4 Comments

  1. It's a lot less weird if you think of the clothes as costumes, and the wearers as people who like to play dress up…

  2. This little speech, from "The Devil Wears Prada" actually explains it well:

    "This… 'stuff'? Oh… ok. I see, you think this has nothing to do with you. You go to your closet and you select out, oh I don't know, that lumpy blue sweater, for instance, because you're trying to tell the world that you take yourself too seriously to care about what you put on your back. But what you don't know is that that sweater is not just blue, it's not turquoise, it's not lapis, it's actually cerulean. You're also blithely unaware of the fact that in 2002, Oscar De La Renta did a collection of cerulean gowns. And then I think it was Yves St Laurent, wasn't it, who showed cerulean military jackets? I think we need a jacket here. And then cerulean quickly showed up in the collections of 8 different designers. Then it filtered down through the department stores and then trickled on down into some tragic casual corner where you, no doubt, fished it out of some clearance bin. However, that blue represents millions of dollars and countless jobs and so it's sort of comical how you think that you've made a choice that exempts you from the fashion industry when, in fact, you're wearing the sweater that was selected for you by the people in this room. From a pile of stuff."

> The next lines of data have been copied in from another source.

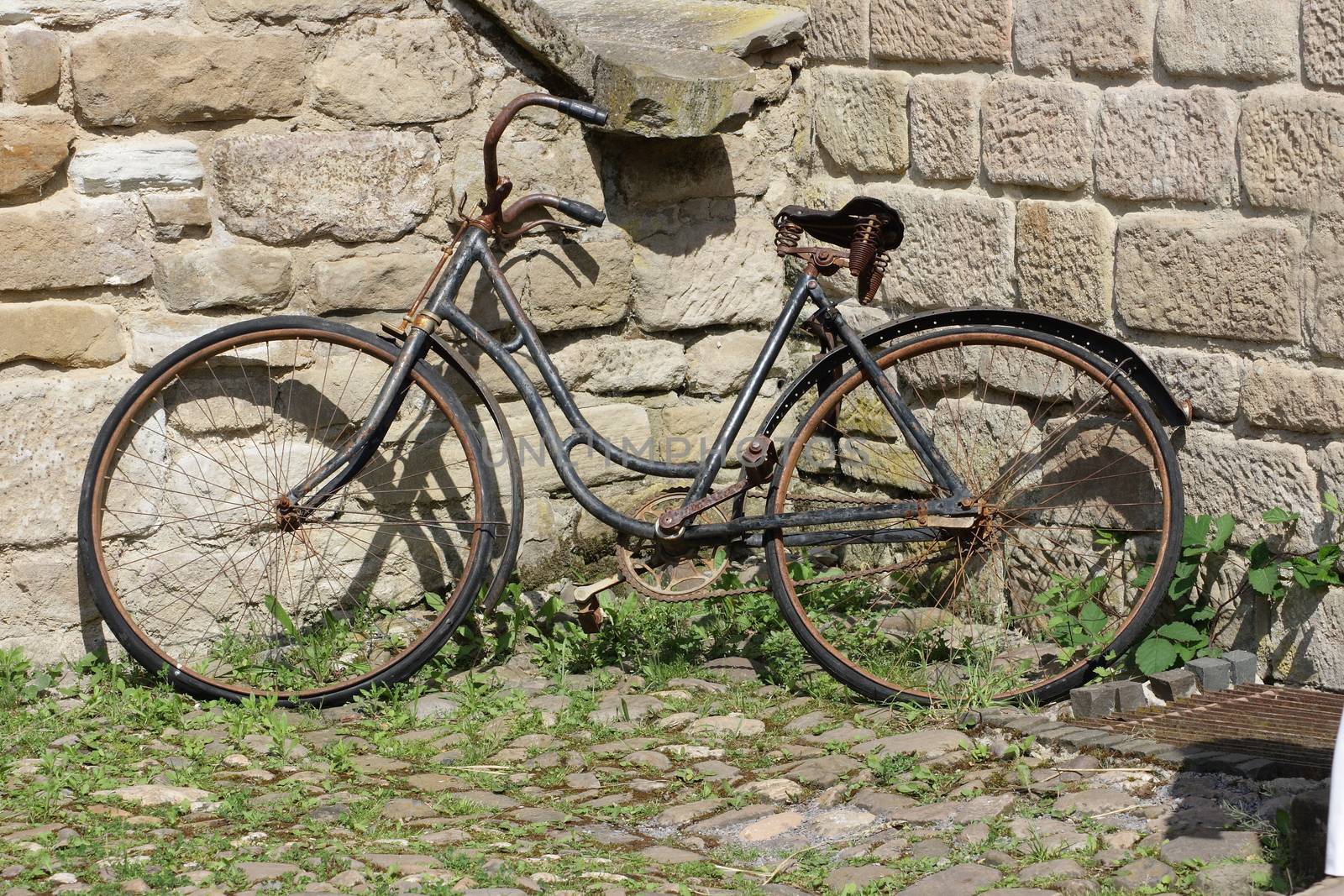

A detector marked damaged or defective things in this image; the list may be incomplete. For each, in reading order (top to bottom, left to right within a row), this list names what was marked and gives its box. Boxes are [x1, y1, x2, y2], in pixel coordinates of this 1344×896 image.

old rusty bicycle [79, 92, 1189, 705]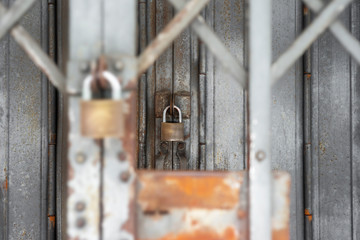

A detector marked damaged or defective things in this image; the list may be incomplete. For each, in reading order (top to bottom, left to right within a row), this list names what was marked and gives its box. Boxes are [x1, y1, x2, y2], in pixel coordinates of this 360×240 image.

rust spot [137, 171, 242, 210]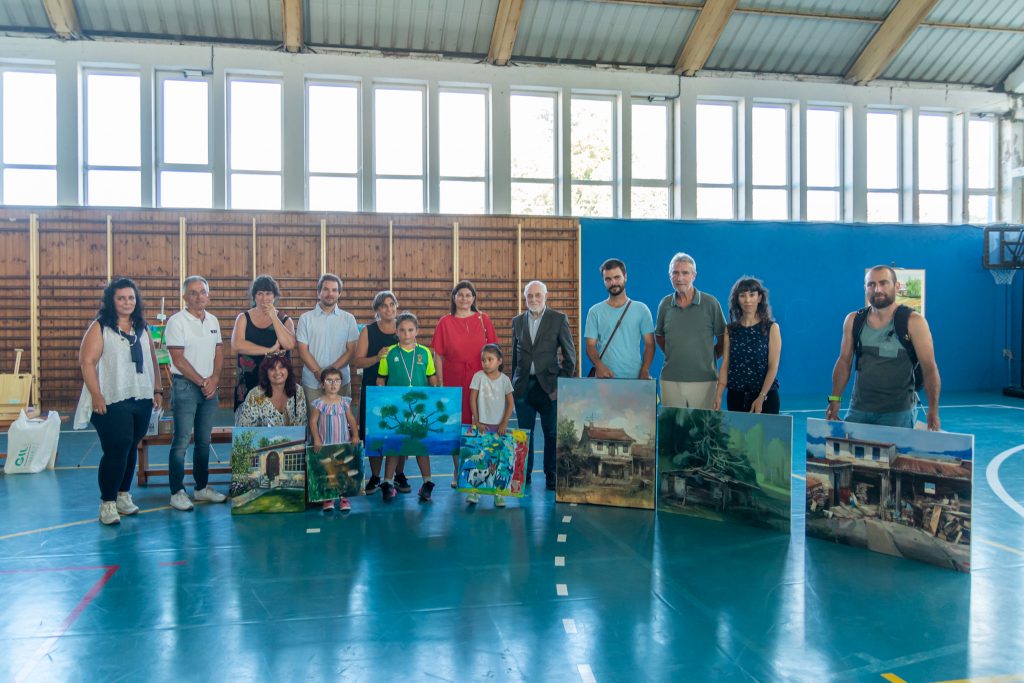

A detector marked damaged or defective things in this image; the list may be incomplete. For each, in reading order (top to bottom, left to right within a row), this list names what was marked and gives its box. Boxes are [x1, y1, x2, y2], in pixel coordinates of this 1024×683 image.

painting of burnt house [552, 378, 655, 507]
painting of burnt house [655, 405, 790, 532]
painting of burnt house [802, 419, 970, 573]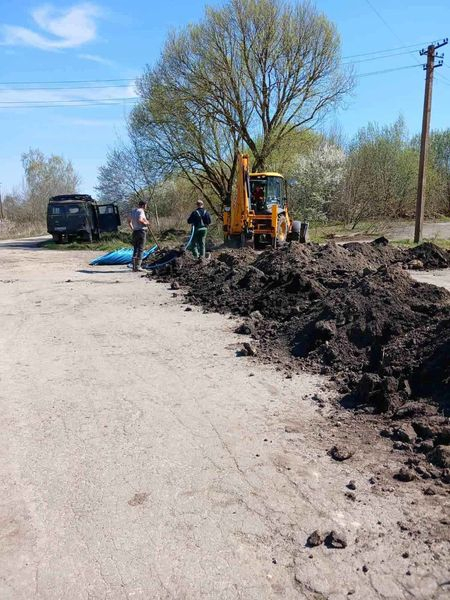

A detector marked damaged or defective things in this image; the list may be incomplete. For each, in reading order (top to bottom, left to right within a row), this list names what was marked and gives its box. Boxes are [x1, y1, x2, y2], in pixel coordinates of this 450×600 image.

cracked asphalt road [0, 241, 448, 596]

    Or you could consider that the rag trade is one of the biggest industries remaining in the US, and is also the easiest way into industrialization for under-developed economies.

    Perhaps this will resonate: in every dystopian movie ever made the first way we know that the society depicted is repressive and soul-crushing is that the population is all dressed alike. (Usually in jumpsuits. What's up with that?)

    You have a signature look, and that's fine, but it is a fine line between having a signature look and dressing like a cartoon character. Style is timeless, and fashion changes, but both can be fun. Once one are past the notion that clothing is worn solely to cover our nakedness and provide us with pockets the opportunities for creative self-expression open up, and the clothes we put on our back become something to enjoy– a source of delight. We could eat nothing but porridge, but what a beak existence that would be. I like oatmeal fine, but I don't have it every day, and I don't want to dress like a bowl of oatmeal.

    And I am very glad that the people I look at don't dress like that either.

  3. "once one is". Editing on the fly.

  4. The LAST time I ever ceded to fashion, I bought two polyester suits. Never again!